International Women’s Day

March 8 was International Women's Day. I am proud of, grateful for and celebrate those who have protected and continue to protect women’s rights and opportunities.

Thank you to those who fought for women’s right to vote. It sounds ridiculous to me that women did not have the right to vote at any time, but, as a woman judge alluded to recently, women obtained the right to vote only about 95 years ago.

Thank you to Lilly Ledbetter, who had the courage to challenge the fact that she was being paid less than her male counterparts at Goodyear Tire and Rubber Company for doing the same work. Her nearly decade long fight led to President Obama’s Lilly Ledbetter Fair Pay Act, which, among other things, states that the discriminatory compensation decision that starts the clock to bring a claim occurs with each discriminatory pay check[1]. Thank you to those who have made California the state with the strongest equal pay protections[2].

Thank you to female attorney Lori Rifkin, who refused to put up with her male opposing counsel’s sexist comment that her raising her voice at him was “unbecoming of a woman.[3]” Thank you to Magistrate Judge Grewal for recognizing the preposterousness of such a comment and ordering the sexist counsel to pay $250 to the Women Lawyers Association of Los Angeles Foundation.

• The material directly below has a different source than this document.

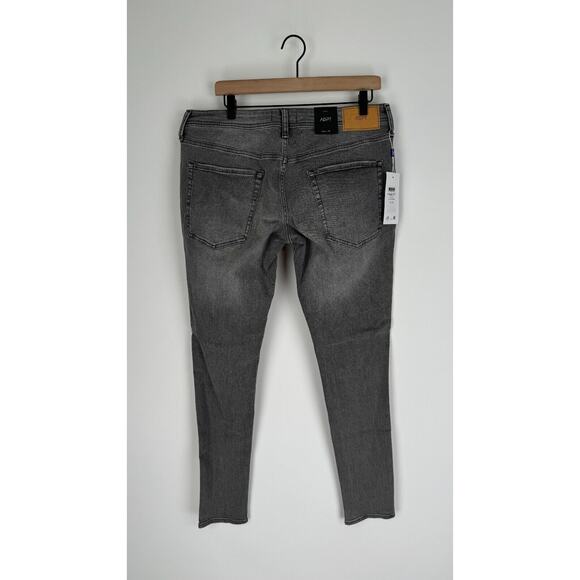 ADPT Mens Grey Denim Spray On Skinny Fit Jeans Distressed Heavy Rips Size 34x32 - Picture 5 of 10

Thank you to those who fight for and celebrate women’s rights and education around the world: women in the Philippines can now run for president there[4]. Malala Yousafzai, who even after being shot by the Taliban for her girls' education advocacy, continues to raise funds for girls’ education and work to “empower girls to raise their voices, to unlock their potential and to demand change” in Pakistan[5].

Thank you to the women who support other women because they know generally, we are in similar boats.